### Activity
Each line below must be transcribed exactly, and no picture may appear in the transcription.
-*-*-
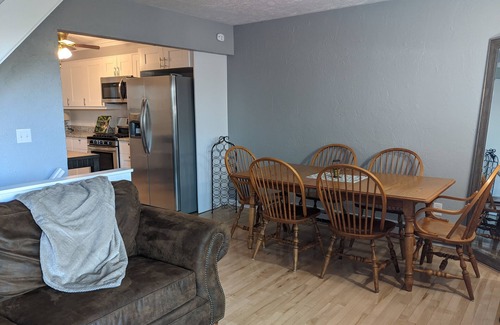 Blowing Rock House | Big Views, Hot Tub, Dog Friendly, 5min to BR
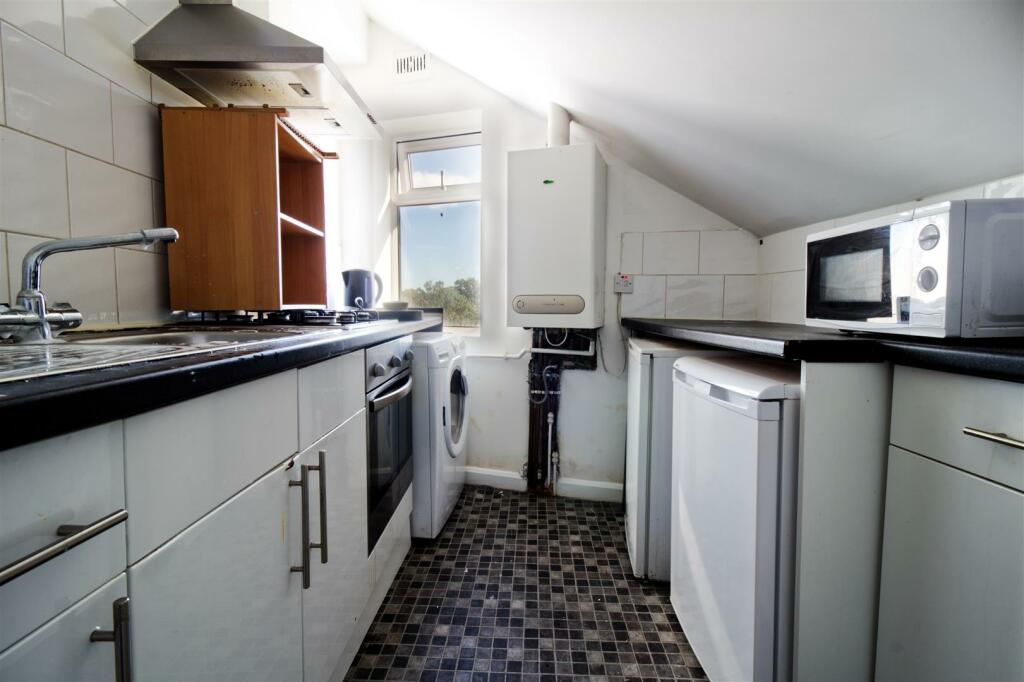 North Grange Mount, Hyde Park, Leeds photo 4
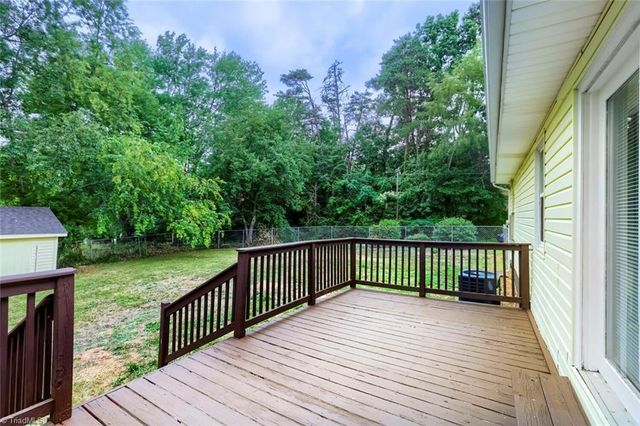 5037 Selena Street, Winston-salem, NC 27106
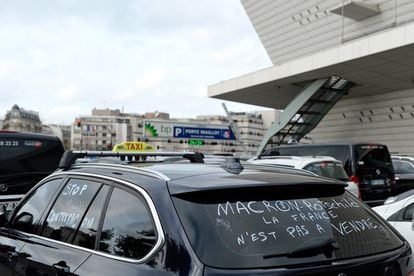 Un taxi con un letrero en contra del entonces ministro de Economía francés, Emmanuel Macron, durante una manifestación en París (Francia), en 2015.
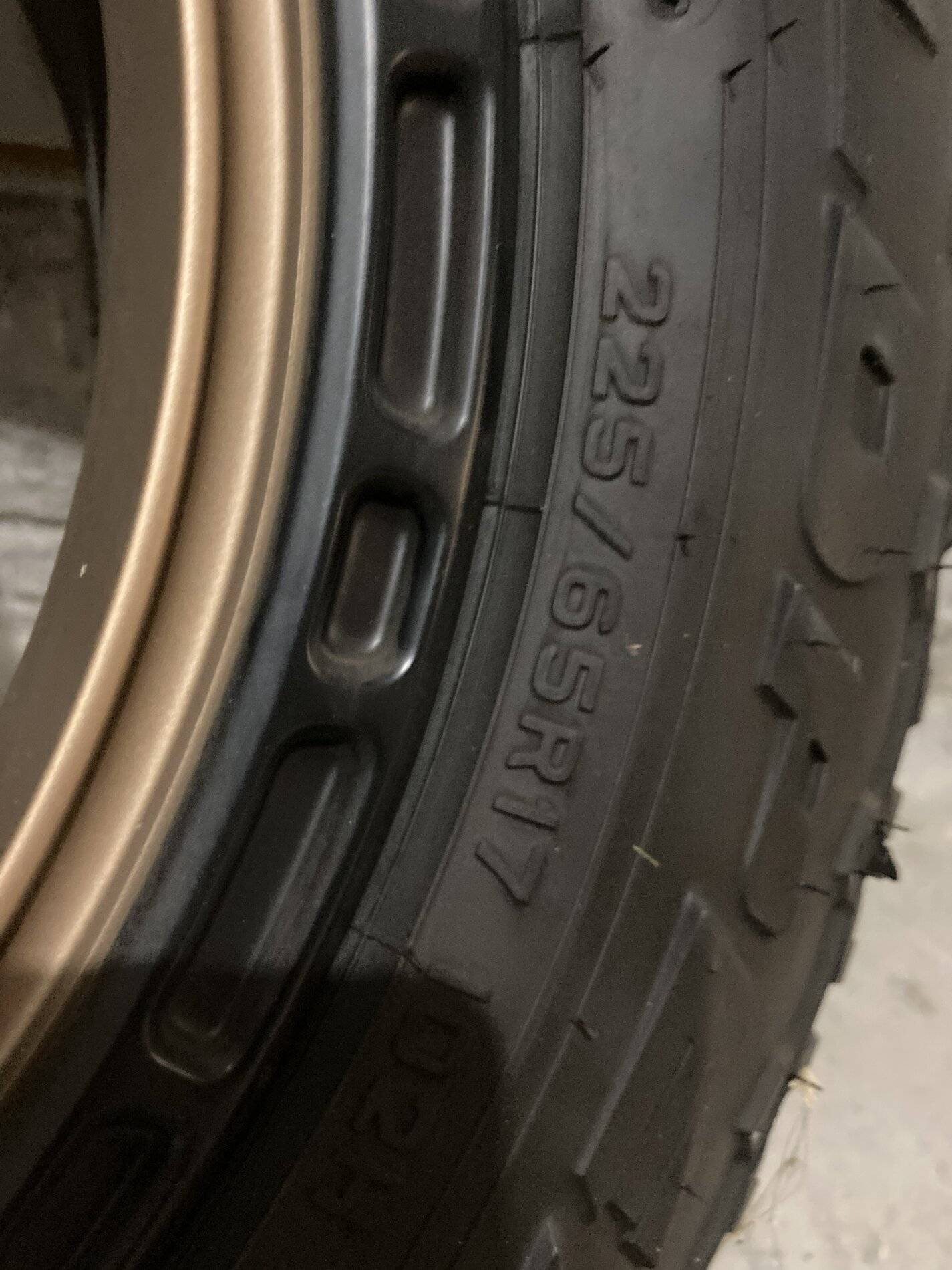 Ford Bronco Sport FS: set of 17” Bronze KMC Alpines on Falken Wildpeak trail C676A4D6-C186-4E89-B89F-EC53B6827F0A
-*-*-
### Task answer
 Blowing Rock House | Big Views, Hot Tub, Dog Friendly, 5min to BR
 North Grange Mount, Hyde Park, Leeds photo 4
 5037 Selena Street, Winston-salem, NC 27106
 Un taxi con un letrero en contra del entonces ministro de Economía francés, Emmanuel Macron, durante una manifestación en París (Francia), en 2015.
 Ford Bronco Sport FS: set of 17” Bronze KMC Alpines on Falken Wildpeak trail C676A4D6-C186-4E89-B89F-EC53B6827F0A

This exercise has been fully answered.